- _Activity_
Using the records below, give again exactly the lines from the line that contains "广东潮汕白皮黄心番薯甜糯鸡蛋黄板栗薯红薯新鲜沙地现挖地瓜" through the line that contains "Süße Siberian Husky", both ends included, and only those.

Items from a data source
Content starts
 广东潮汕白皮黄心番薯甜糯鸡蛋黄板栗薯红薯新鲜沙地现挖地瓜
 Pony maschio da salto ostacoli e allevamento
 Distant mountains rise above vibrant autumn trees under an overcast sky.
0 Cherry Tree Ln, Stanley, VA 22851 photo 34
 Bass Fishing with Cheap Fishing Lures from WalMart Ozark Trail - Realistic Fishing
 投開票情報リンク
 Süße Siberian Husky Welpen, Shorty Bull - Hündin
Content ends
Content starts
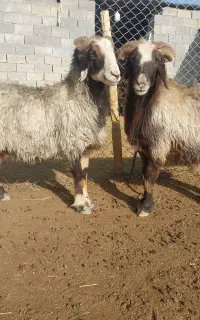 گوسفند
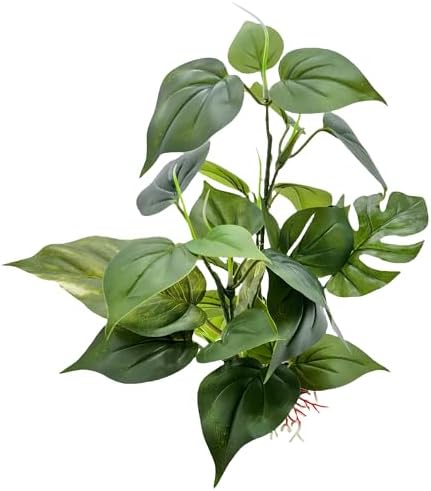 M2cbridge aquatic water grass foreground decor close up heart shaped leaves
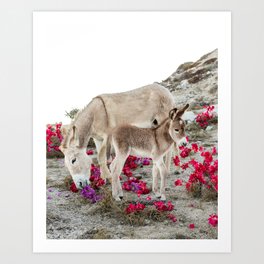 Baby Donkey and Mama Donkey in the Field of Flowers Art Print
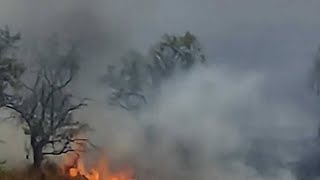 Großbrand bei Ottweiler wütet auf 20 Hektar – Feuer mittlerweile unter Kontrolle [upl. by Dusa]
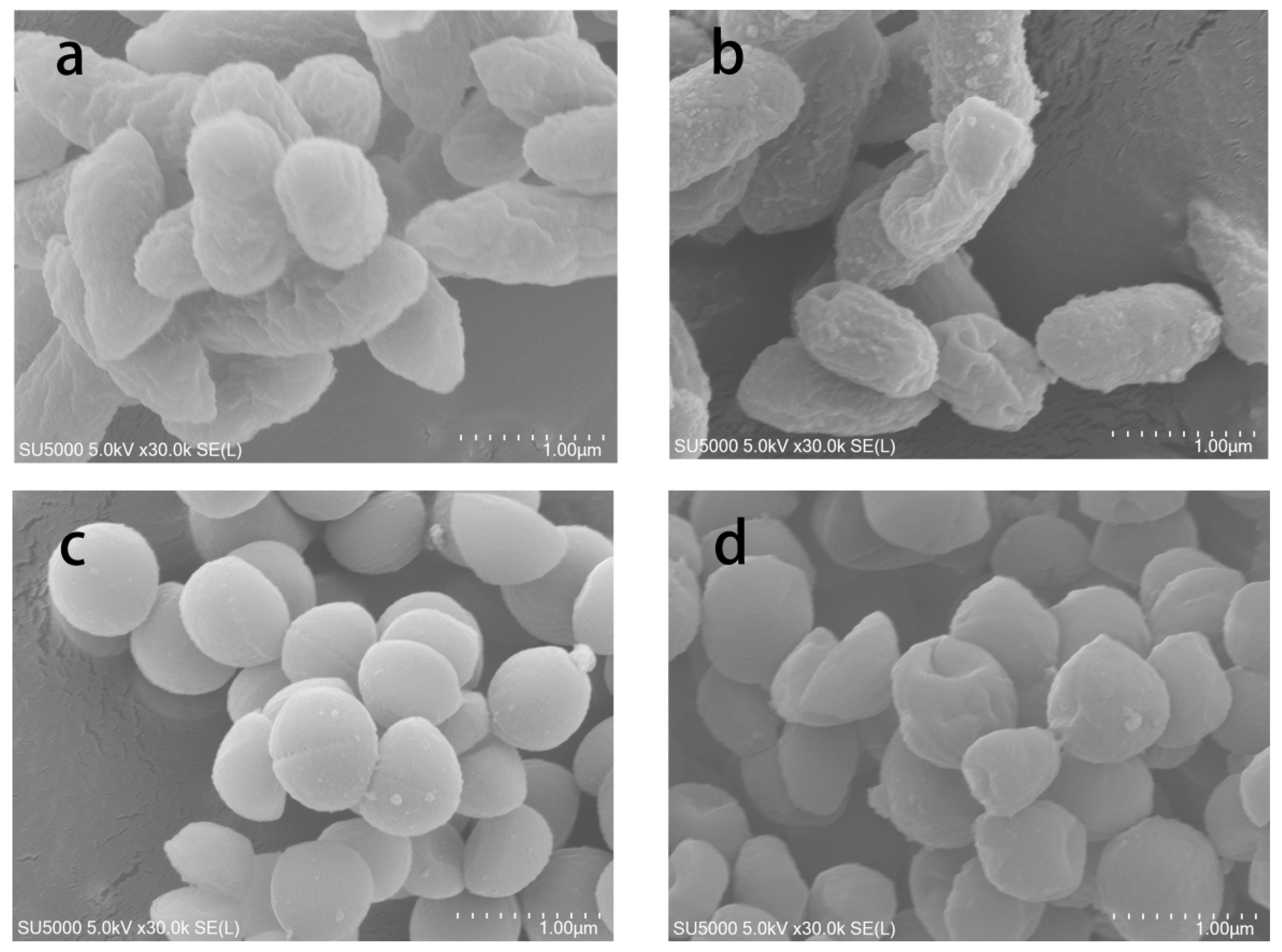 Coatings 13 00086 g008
Content ends
- _Answer for this exercise_
 广东潮汕白皮黄心番薯甜糯鸡蛋黄板栗薯红薯新鲜沙地现挖地瓜
 Pony maschio da salto ostacoli e allevamento
 Distant mountains rise above vibrant autumn trees under an overcast sky.
0 Cherry Tree Ln, Stanley, VA 22851 photo 34
 Bass Fishing with Cheap Fishing Lures from WalMart Ozark Trail - Realistic Fishing
 投開票情報リンク
 Süße Siberian Husky Welpen, Shorty Bull - Hündin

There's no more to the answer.